Work Done by Air pressure difference

[just.karl]

Work Done by Air "pressure difference"

Homework Statement

Air that initially occupies .14 m^3 at a gauge pressure of 103.0kPa is expanded isothermally to a pressure to 101.3 kPa and then cooled at constant pressure until it reaches its initial volume. Compute the work done by the air. (Gauge pressure is the difference between the actual pressure and atmospheric pressure.)

Homework Equations

W = V2 \int V1 (pdv)

pV=nRT

The Attempt at a Solution

The professor did some simplification on the board and it came down to nRT(ln)(V_2 / V_1)

then I solved for V2 and V1 V=(nRT)/p "the nRT cancels" and then I have this equation

piV1(ln)(pi / pf) = .239 kJ =Work

The answer in the back of the book is 5.6 kJ, so if someone could help me out where I'm going wrong this would be highly appreciated.

 

[just.karl]

help? please?

 

[Redbelly98]

The Attempt at a Solution

The professor did some simplification on the board and it came down to nRT(ln)(V_2 / V_1)

then I solved for V2 and V1 V=(nRT)/p "the nRT cancels" and then I have this equation

piV1(ln)(pi / pf) = .239 kJ =Work

The answer in the back of the book is 5.6 kJ, so if someone could help me out where I'm going wrong this would be highly appreciated.
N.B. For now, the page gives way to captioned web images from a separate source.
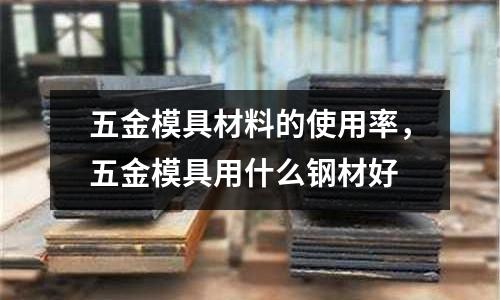 五金模具材料的使用率，五金模具用什么鋼材好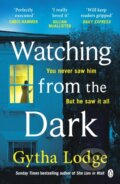 Kniha: Watching from the Dark (Gytha Lodge). Penguin Books, 2020 Kniha: Watching from the Dark (Gytha Lodge). Penguin Books, 2020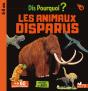 Dis Pourquoi ? : Les Animaux Disparus - Preview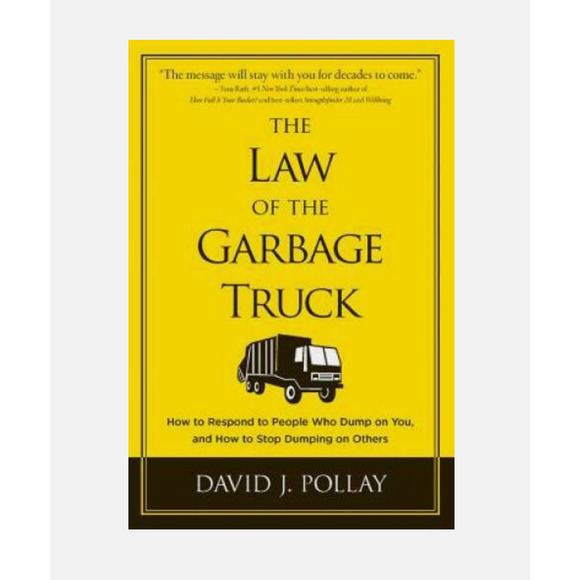 Unbranded Other - The Law of the Garbage Truck: How to Stop People from Dumping on You - Pollay HC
239 J is the work done during isothermal expansion. I would think we need to account for the constant pressure compression as well.

(Even so, 5.6 kJ doesn't look right to me.)

 

[RTW69]

For a polytropic process of an ideal gas with isothermal expansion (n=1) you can also use the expression for work=P1*V1*ln(V2/V1) which gives a similar result of 284.2 J However that is the total area under the curve from pt 1 to pt 2. There is also the area (work) under the curve when the air is cooled at constant pressure to the initial volume that must be subtracted from the above work to get the area of the complete process. If that is the case it get a very small total work of about 1.4 J. In any case 5.6 KJ seems way to large.